Entendi! Mas ainda assim, todas são atraentes, difícil escolher! “Pode eliminar as raças que eu descartar?”
“Deseja usar o método de eliminação? Certamente!”
Caramba, que sistema avançado! Inteligência artificial de primeira! Sem hesitar, comecei a seleção. “Elemental espiritual, não quero, muito feio!” O modelo sumiu em partículas de luz, restando seis figuras. “Meio-orc é muito bárbaro, não quero.” Mais um sumiu; cinco restantes. “Meio-anjo e meio-elfo não têm vantagens claras, exclua-os!” Restaram três! Agora, qual escolher? “Meu personagem chama-se Ziri, anjo não combina com o nome, exclua!” Só dois restam! O demônio é claramente voltado para magos; prefiro cavaleiros. “Decidi, escolho a raça dos anjo-demônios!”
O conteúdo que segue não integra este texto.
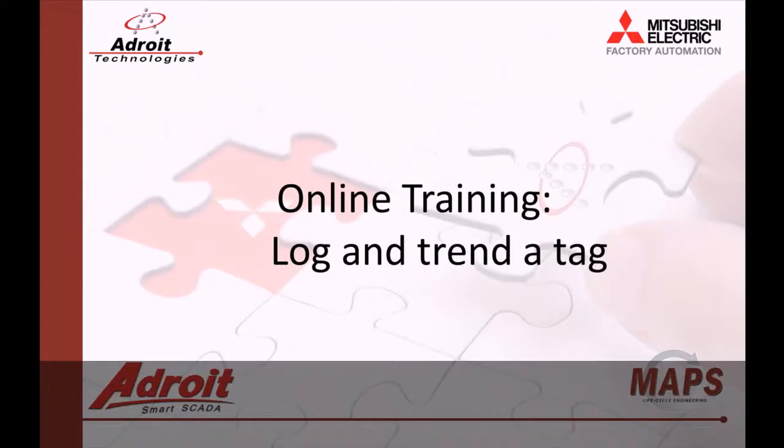Good day everybody, my name is Dean. Welcome to the Adroit and Mapscada online training videos. The following video is the eighth in a series of guides designed to help you the user become more familiar with our products.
O sistema respondeu imediatamente: “Raça dos anjo-demônios escolhida com sucesso. Parabéns, você é o primeiro a optar por essa raça; o sistema concede-lhe um ponto extra de atributo básico. Agora, por favor, configure a aparência do personagem.”
Diante de mim, restava apenas o modelo dos anjo-demônios. Observei com atenção. A altura permanecia igual à minha real, cento e setenta e dois centímetros; parece que essa raça não oferece bônus de altura. Membros proporcionais, rosto levemente exótico, e, além de um par de asas negras nas costas, pouco se diferenciava do meu eu real. “Posso retirar essas asas?”
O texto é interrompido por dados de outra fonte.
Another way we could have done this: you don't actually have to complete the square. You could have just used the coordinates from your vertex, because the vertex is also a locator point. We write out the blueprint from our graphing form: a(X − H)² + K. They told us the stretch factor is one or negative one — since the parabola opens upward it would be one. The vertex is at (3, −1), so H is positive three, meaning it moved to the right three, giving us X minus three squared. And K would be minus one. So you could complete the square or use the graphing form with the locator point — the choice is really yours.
“Desculpe! As asas são uma das características essenciais dos anjo-demônios, assim como não se pode exigir que anões tenham mais de um metro e sessenta. Mas fique tranquilo: as asas podem ser retraídas; se não as mostrar, ninguém verá.”
“Ótimo! Quero então afinar as linhas do rosto, menos curvas, mais ângulos definidos; o nariz, mais proeminente; e os olhos, mais penetrantes!” Enquanto via as mudanças se formarem diante de mim, fiquei satisfeito com o resultado.
“O limite de alterações foi atingido. Deseja confirmar esta aparência?”
Olhei mais uma vez. Apesar de meus esforços para masculinizar e até tornar o rosto menos atraente, ainda parecia feminino! Suspiro... Paciência, deixarei assim mesmo. “Confirmo esta aparência!”
“Confirmação bem-sucedida! Personagem gerado!”